Can be a faster process for smaller jobs. Depending on the particular job, digital printing can result in a faster turnaround than offset. This is primarily a result of the shorter setup time since there are no plates to be created. Additionally, there is no drying time required after printing.

On larger runs, however, offset printing is the faster option, as the faster print time of each sheet eventually makes up for the longer setup time. Additionally, since the binding and finishing processes take the same amount of time for digital and offset printing, there is typically little overall time difference between the two methods when it comes to book printing.

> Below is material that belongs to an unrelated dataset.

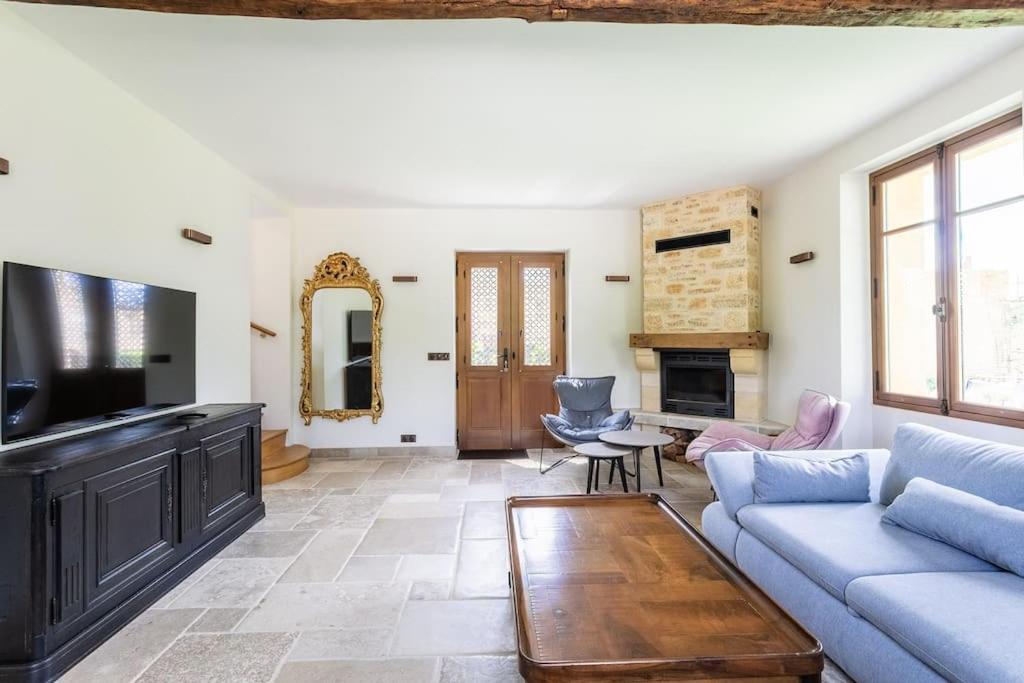 Guardian House Of Chateau Monteil With Heated Pool And Jacuzzi Villa Calviac-en-Perigord Exterior photo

Which Type of Printing to Choose

As you’ve gathered, the answer to the question of which printing method is better is completely dependent on your individual project. However, answering the following questions will give you a better idea of which method will be the best option for your next book printing run.

That said, we’ll be glad to discuss the best method for your specific project; you can give us a call at 888-664-8166 or email us at bestbook@colorwise.com. We use whichever method is most quality- and cost-effective for your particular project. In fact, our free quote page automatically chooses the least expensive print method according to the specifications you enter.

How many books do you need?

As you’ve probably gathered up to this point, the quantity of your run is by far the most important factor in the digital vs. offset debate. On the majority of projects, the number of books you want to print will be the primary determining factor as to whether we run your book on an offset or a digital press.

Do you have unique size and/or paper requirements?

Offset printing offers more options concerning paper stock, paper weight, and paper size. While this doesn’t come into play as often with books as with other forms of printing, it can still be an issue if you have specific paper needs.

Do you need exact match colors?

This question is typically more relevant to commercial print services rather than book print customers. Offset printers have the option of using Pantone ink and the aforementioned Pantone Matching System for exact color matching.

However, this is primarily used for corporate identity materials such as logos and letterhead where color consistency among materials is an extremely high priority. Digital offers the ability to get extremely close color matching, and we calibrate both our digital presses and our screens to make sure the color you want is the color you get.